Work instructions - In the records that follow, find each line with the word "polyester" and copy it.

Supplied material -

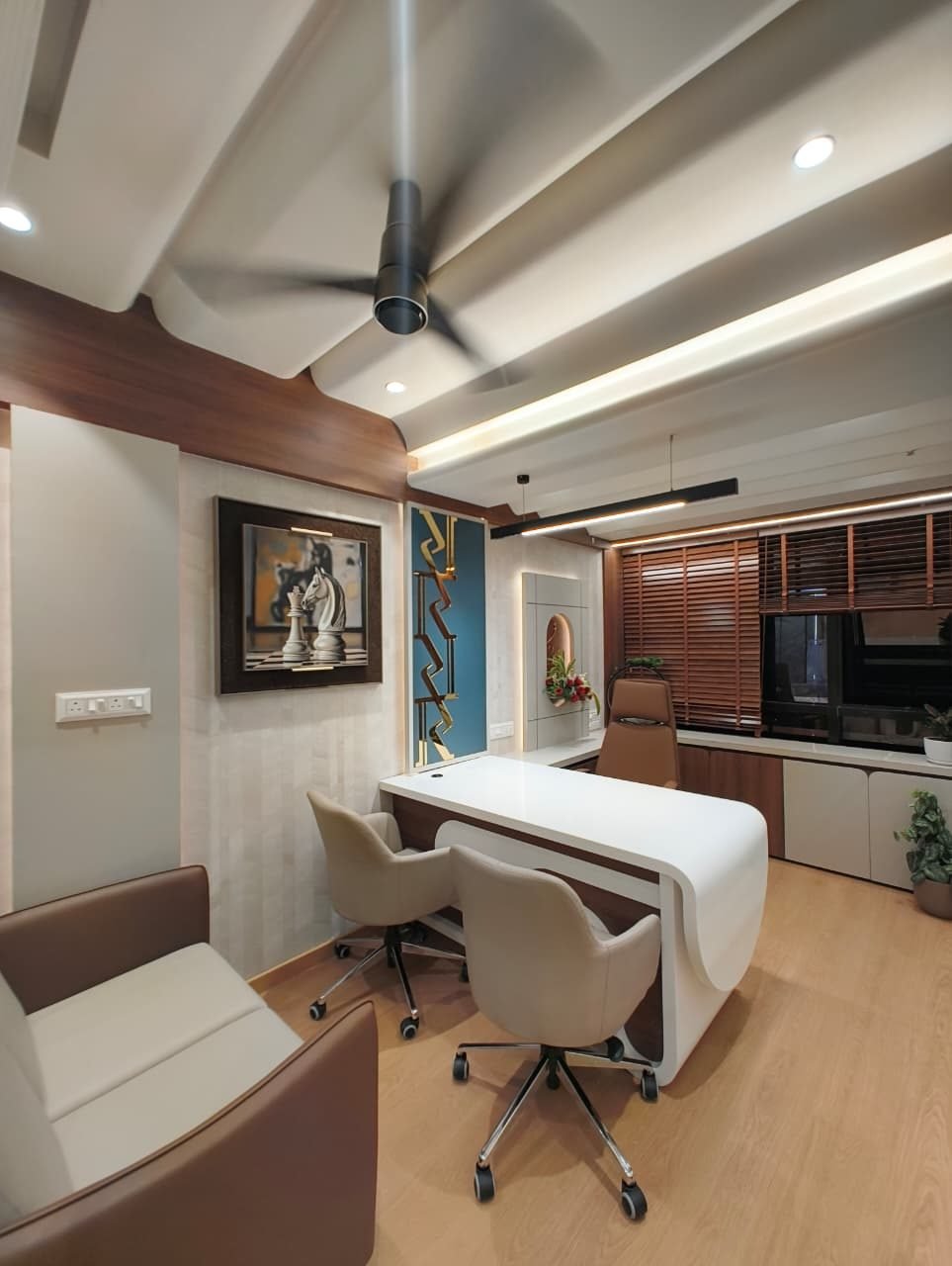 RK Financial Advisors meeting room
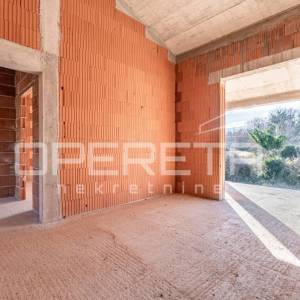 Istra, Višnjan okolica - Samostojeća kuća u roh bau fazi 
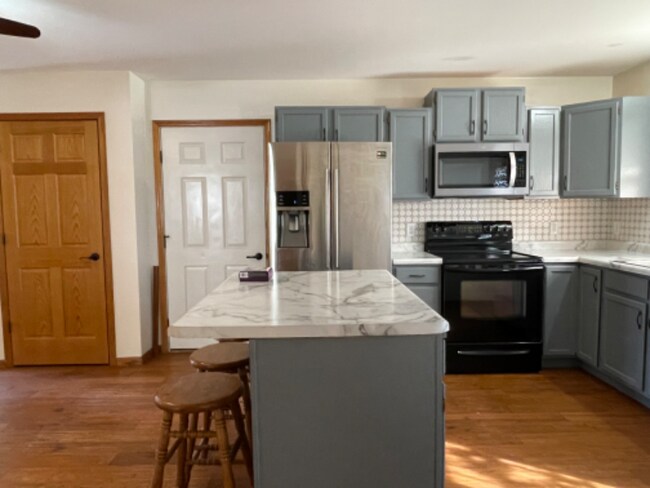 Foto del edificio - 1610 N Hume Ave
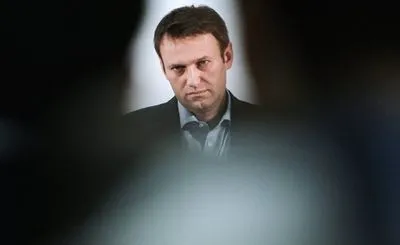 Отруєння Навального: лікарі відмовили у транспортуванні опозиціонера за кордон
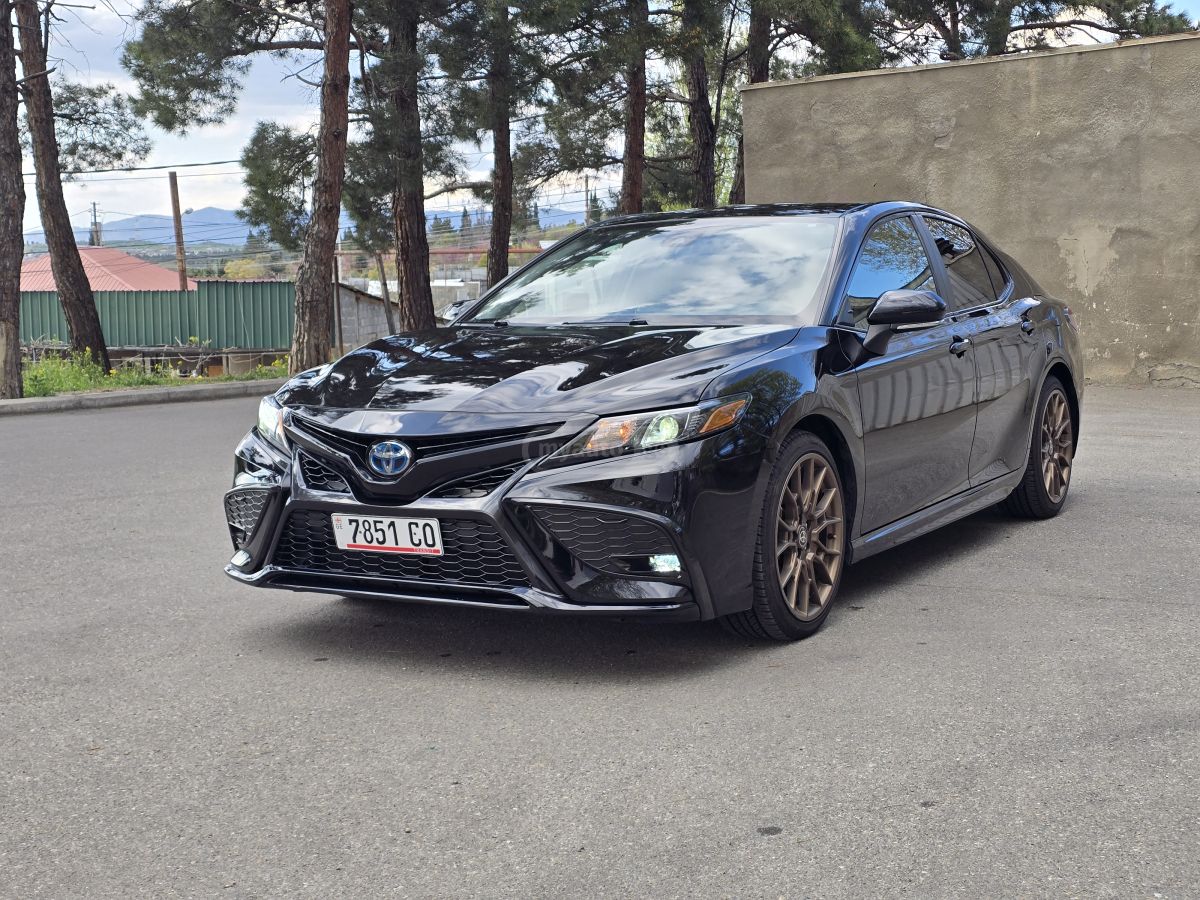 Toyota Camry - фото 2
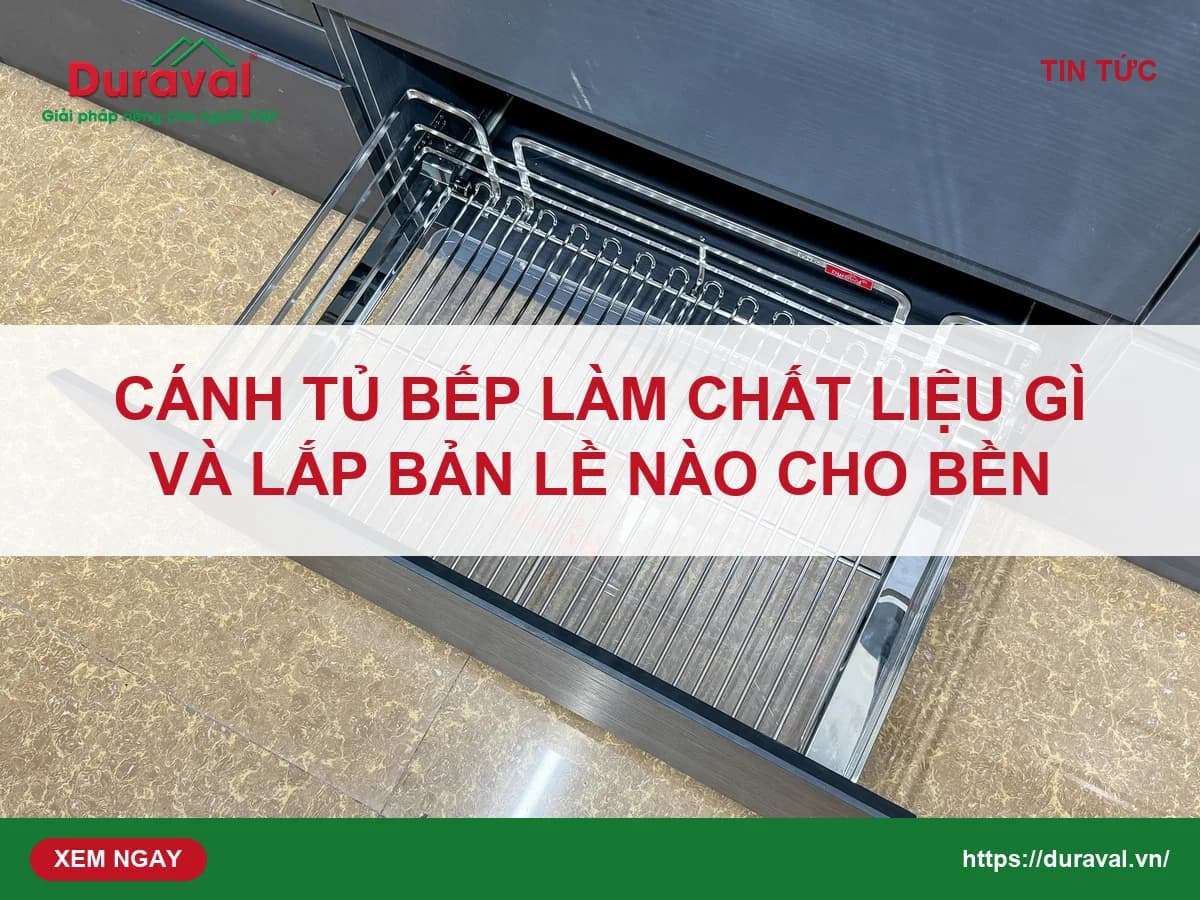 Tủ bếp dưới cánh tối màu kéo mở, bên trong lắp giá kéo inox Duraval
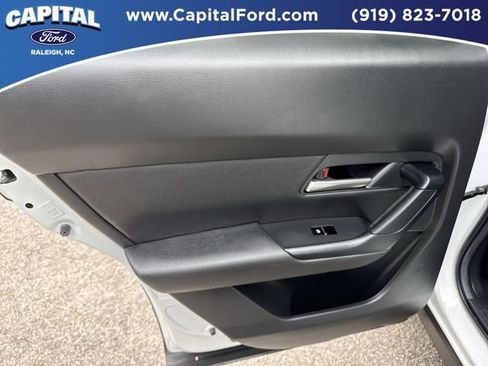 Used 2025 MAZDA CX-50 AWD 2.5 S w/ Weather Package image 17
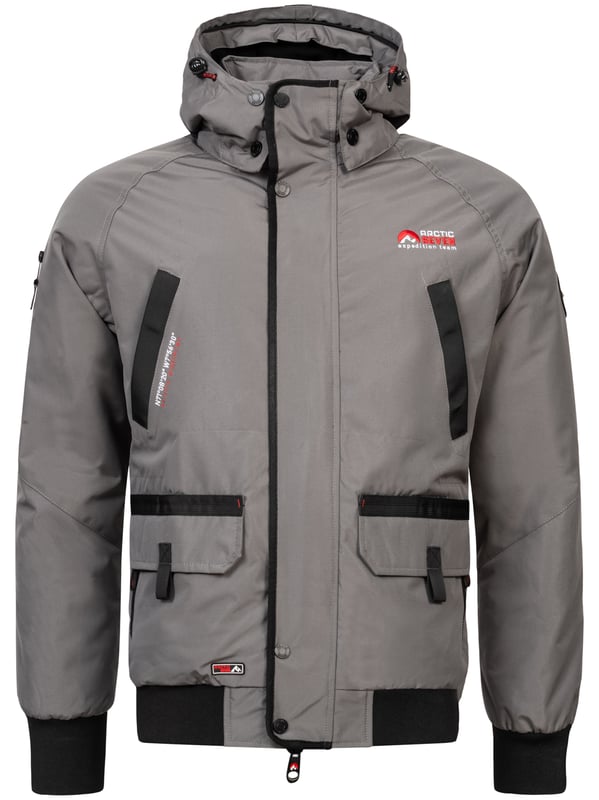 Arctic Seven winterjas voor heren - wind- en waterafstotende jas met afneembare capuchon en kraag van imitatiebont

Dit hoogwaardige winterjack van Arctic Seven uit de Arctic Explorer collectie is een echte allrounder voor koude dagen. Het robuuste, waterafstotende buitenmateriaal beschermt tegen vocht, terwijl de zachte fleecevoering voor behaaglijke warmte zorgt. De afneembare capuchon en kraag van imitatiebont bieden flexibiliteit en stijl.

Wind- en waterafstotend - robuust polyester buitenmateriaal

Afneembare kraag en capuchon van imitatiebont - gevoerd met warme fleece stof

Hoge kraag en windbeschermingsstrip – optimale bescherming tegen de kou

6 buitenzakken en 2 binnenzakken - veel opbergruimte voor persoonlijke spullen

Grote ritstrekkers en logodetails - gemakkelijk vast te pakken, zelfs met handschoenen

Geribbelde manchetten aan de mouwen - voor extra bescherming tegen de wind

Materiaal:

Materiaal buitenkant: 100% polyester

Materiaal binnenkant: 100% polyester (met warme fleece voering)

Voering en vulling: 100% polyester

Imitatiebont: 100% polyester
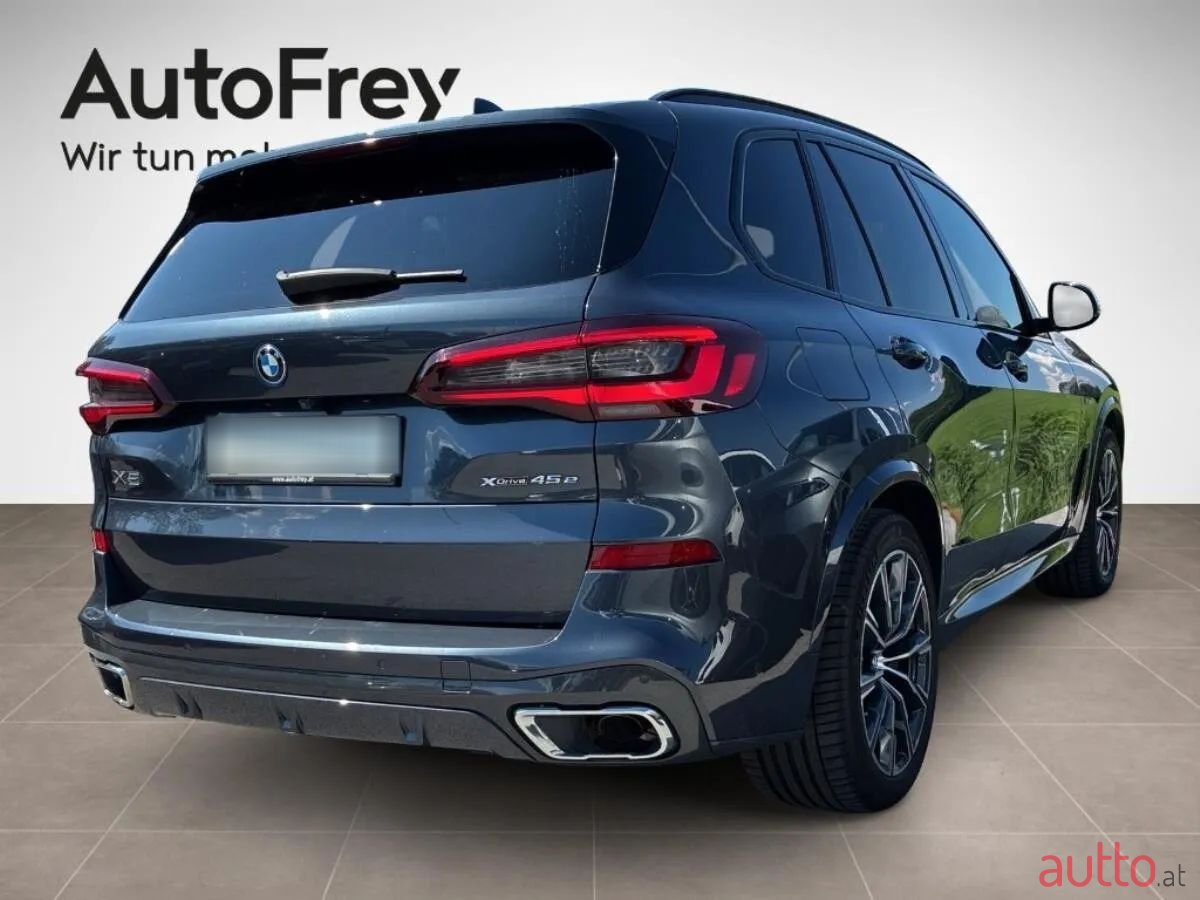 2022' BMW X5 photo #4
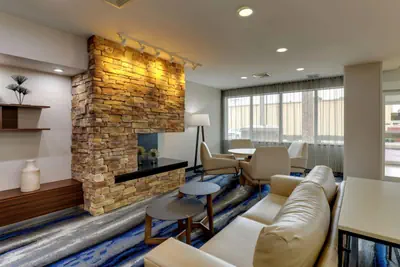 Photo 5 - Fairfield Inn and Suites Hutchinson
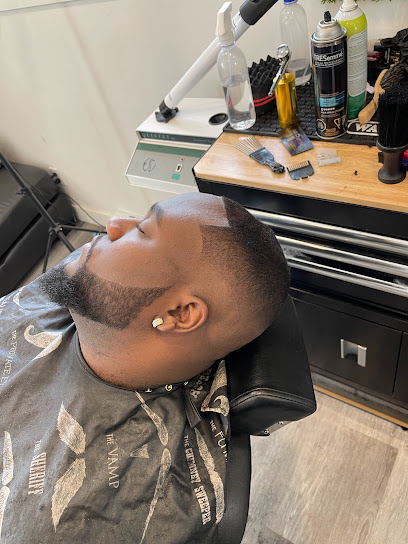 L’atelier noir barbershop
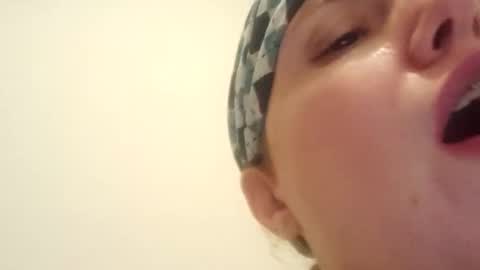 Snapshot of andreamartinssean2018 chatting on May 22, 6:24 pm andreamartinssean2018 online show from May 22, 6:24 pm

Response to the task -
Wind- en waterafstotend - robuust polyester buitenmateriaal
Materiaal buitenkant: 100% polyester
Materiaal binnenkant: 100% polyester (met warme fleece voering)
Voering en vulling: 100% polyester
Imitatiebont: 100% polyester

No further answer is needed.